By Denise Dubie, Network World
Researchers at the University of Massachusetts Amherst have developed a computer-based tool that when put to use in large distributed networks could uncover the most used, expensive and vulnerable links.
The tool would, researchers propose, help companies and government agencies better gird their networks against natural disasters such as Hurricane Katrina and terrorist attacks such as those on Sept. 11, 2001 by providing a means to measure network efficiencies and employ a ranking system of managed nodes and links. The information could give companies information they need to protect the most critical network components, researchers say.
"Previous measures ignored how users of networks would readjust subject to a failure and could not rank nodes and links in a reasonable way," says Anna Nagurney, John F.Smith Memorial Professor and Director at the Virtual Center for Supernetworks ,Ā Isenberg School of Management, at UMass Amherst.
Nagurney and doctoral student Qiang "Patrick" Qiang have worked for the past 7 months on the network efficiency and performance measurement project, which is funded in part by the John F. Smith Memorial Fund and in part by the National Science Foundation (NSF).

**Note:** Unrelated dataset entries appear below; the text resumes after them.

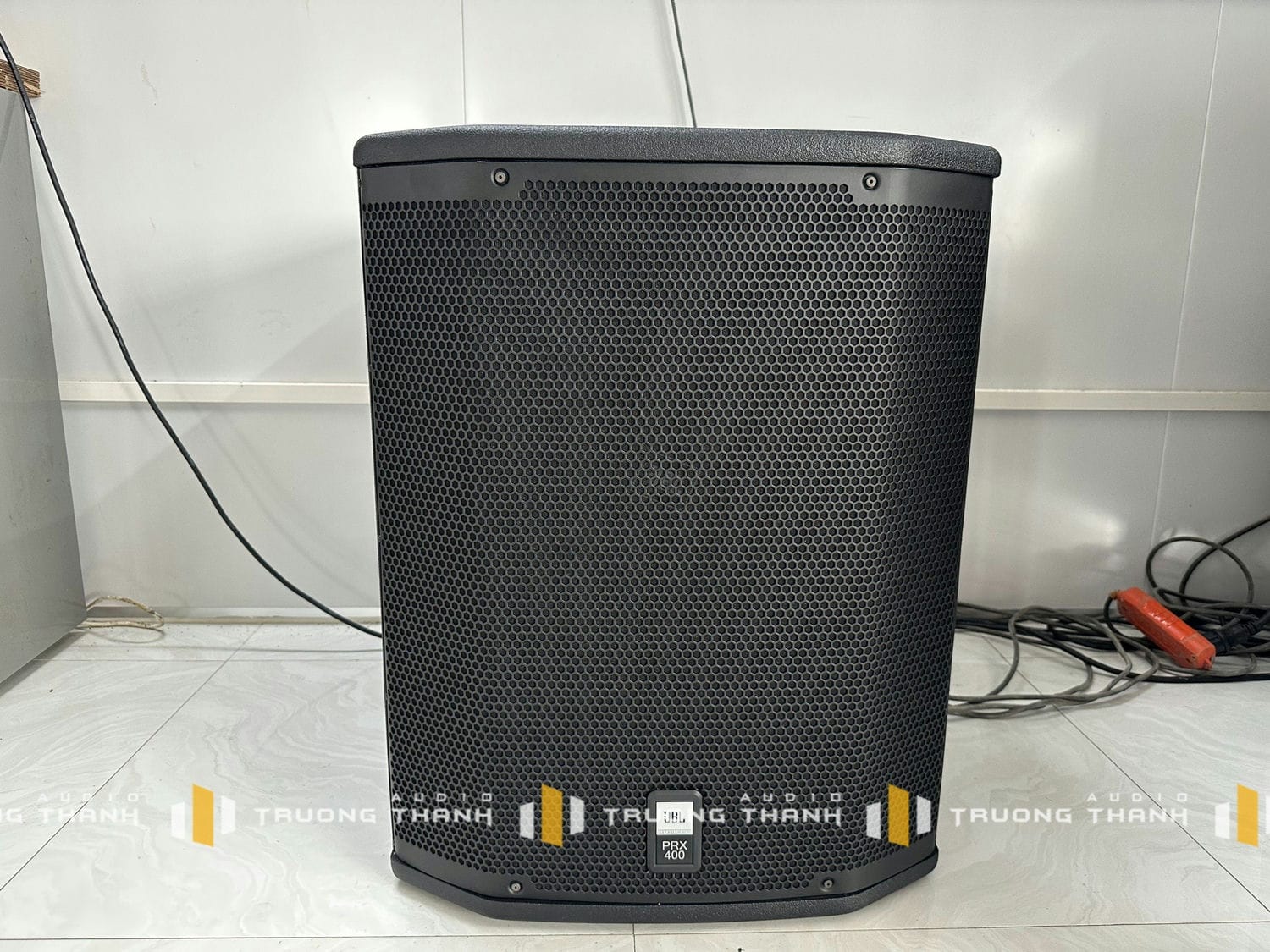 Ảnh sản phẩm Dàn karaoke JBL TT277: (JBL PRX 412M, JBL VM300, JBL VX8, 2 Crown T7, JBL PRX 418S, Vatasa P9 Limited) 11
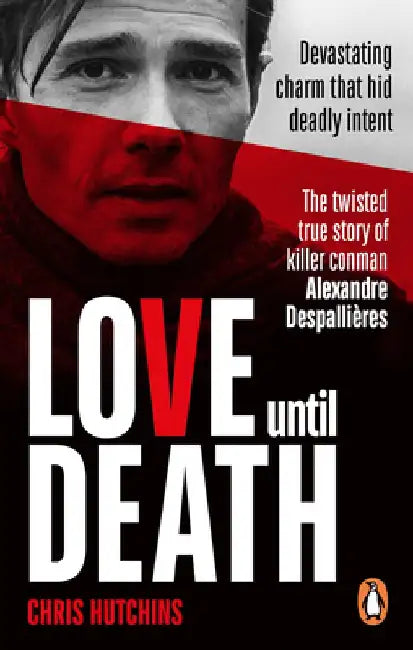 Love Until Death by Chris Hutchins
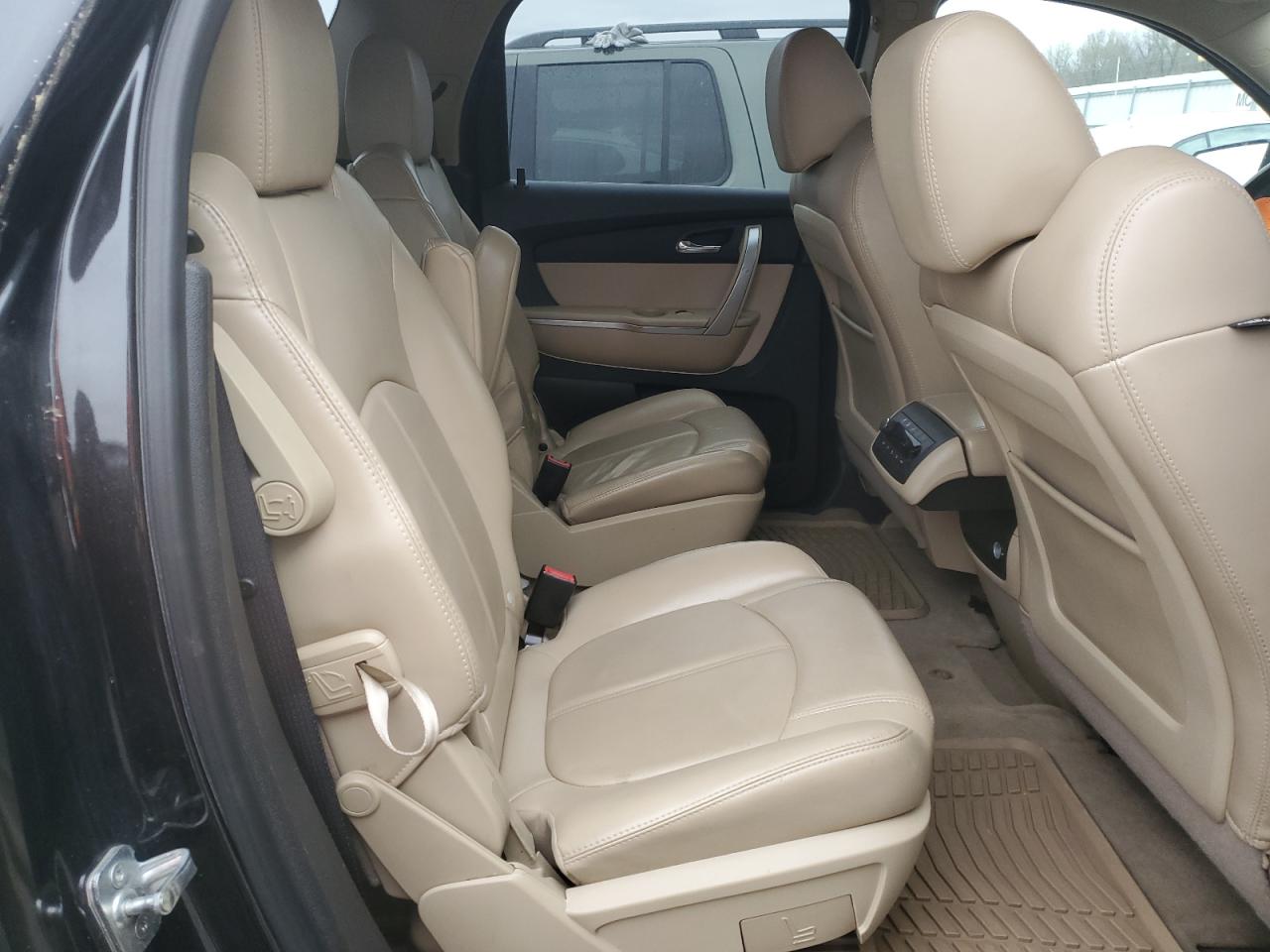 2012 GMC Acadia VIN 1GKKRRED2CJ240376 photo 11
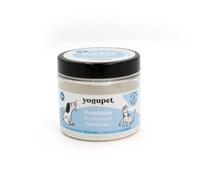 Kéfir en Polvo para Perros y Gatos | Yogupet Kéfir Liofilizado Probiótico 40gr | Probióticos para Perros y Gatos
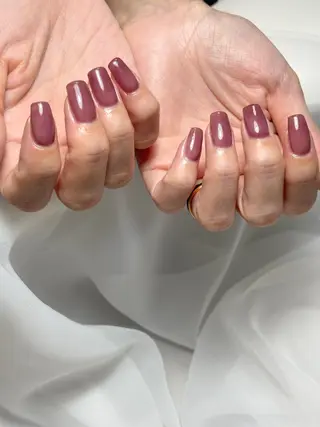 ネイル Nail salon And.所属・Nail salon And.のネイルデザイン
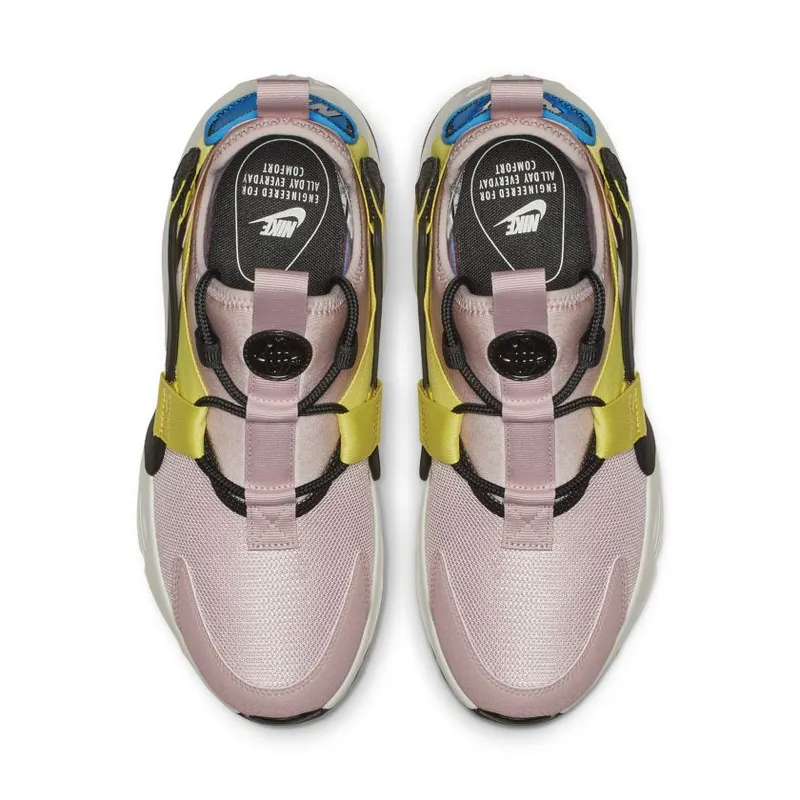 Nike Air Huarache City Low Plum Chalk (Women’s) (AH6804-500)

The UMass Amherst team was among several groups funded by the NSF to "address issues of national security under the Management Knowledge Intensive Dynamic Systems (MKIDS) program," Nagurney reports. The research supplements an exiting NSF grant on decentralized decision-making in complex networks.
The measurement tool enables a "computation of the loss in efficiency" if network components or links, or combinations of those are damaged or destroyed in an attack, according to UMass Amherst.
"We expect that the measure will have a wide practical use also in peacetime since it provides a quantifiable way in which to identify which network components should be best maintained based on actual usage and costs," Nagurney says. Researchers say the measure can also capture how end users readjust after network disruptions. "There is a huge amount of commercial potential in this measure and its variants," she says.